New World Summit—Brussels
19-21 September 2014
Royal Flemish Theatre (KVS), Brussels, Belgium
The fourth New World Summit, titled Stateless State, invites twenty stateless political organizations to a parliament constructed inside the Royal Flemish Theatre in Brussels. These organizations have either been denied representation by a state, or they may wish to take over an existing state, or alternatively, create a new state altogether.
What is at stake in Stateless State, the 4th New World Summit, is the question to what extent the concept of the state is still capable of representing and protecting a peoples’ right to self-determination in the 21st century. During the three day program, representatives of stateless organizations and states will discuss the meaning, potential or obstacles that the state embodies today through five consecutive segments, titled Oppressive State, Progressive State, Global State, New State and Stateless State.

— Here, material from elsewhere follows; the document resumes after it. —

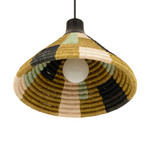 Parrot Pendant XS Green - Forestier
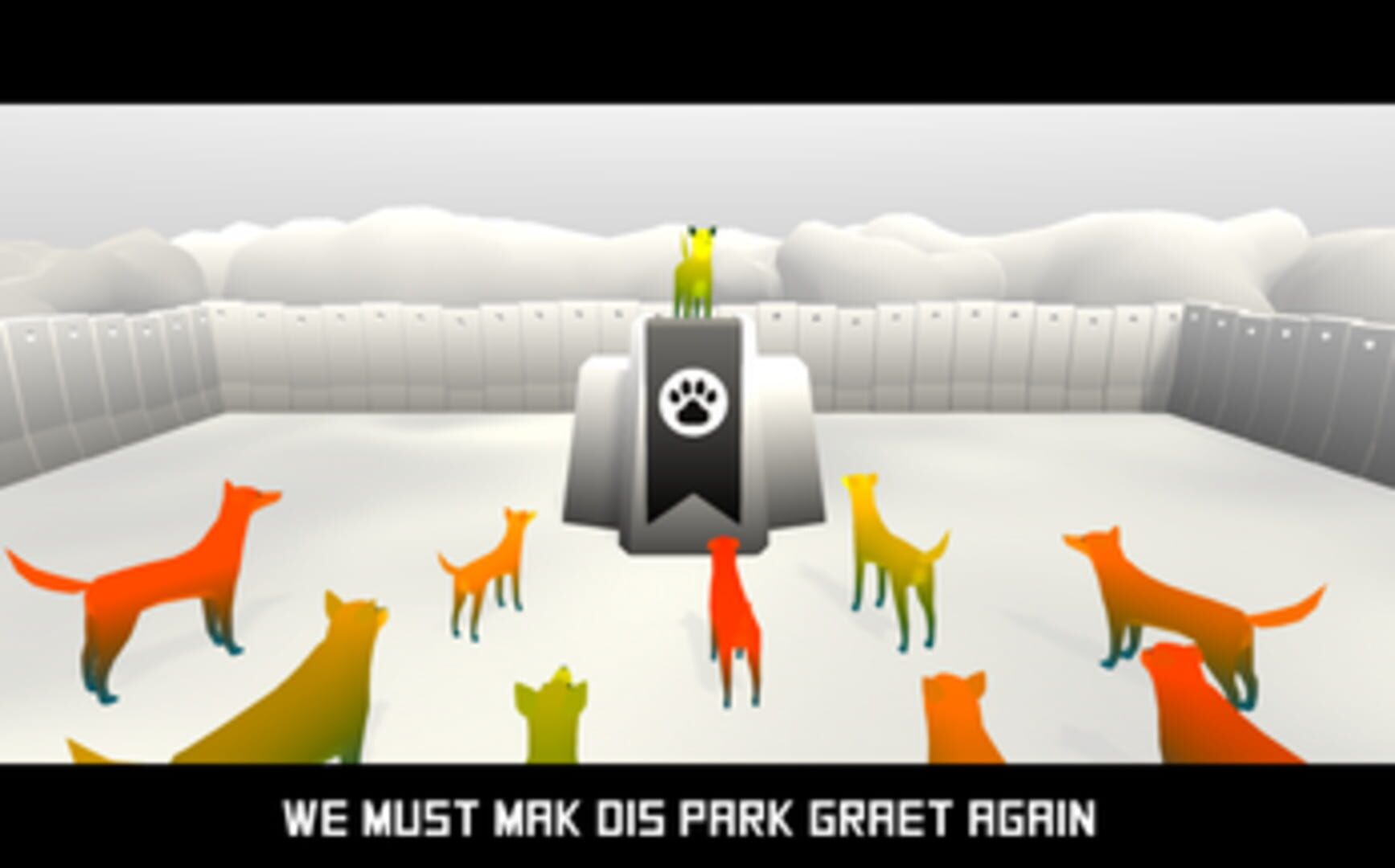 Foto do jogo Dogness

The city of Brussels is today’s embodiment of the crisis of the state. It is the site of an ongoing conflict over the existence of Belgium as a federal state as well the declining supranational project of the European Union. The rise of ultranationalism, which considers the EU to be a threat, calls for a return to the nation state as the only way to regain sovereignty, control migration and secure economic prosperity. At the same time, this myth of the sovereign state itself has been dismantled through whistleblowers’ recent revelations of global systems of mass surveillance. It is in the light of the crisis of the state that we have witnessed international uprisings and social movements these past years. It comes as no surprise that many of the mechanisms enacted against stateless states–such as denial of history, systemic persecution and terrorist blacklisting–are now being used to criminalize new social movements as well. The attack of the state against its own citizens, through mass surveillance and politics of blacklisting, indicates that today’s condition of statelessness is on the verge of becoming a collective one.

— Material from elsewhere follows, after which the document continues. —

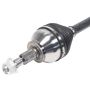 GSP NCV11104 15-19 Lincoln MKC CV Axle Assembly  - Front Left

Today’s social movements are embracing stateless internationalism to engage in political models that redefine solidarities between peoples beyond mere territorial disputes. Here, statelessness is not simply a product of victimization, but the prerequisite of a necessarily new model of political organization, mobilization and action. It is through the space of art that the New World Summit sets out to define the future of this stateless state.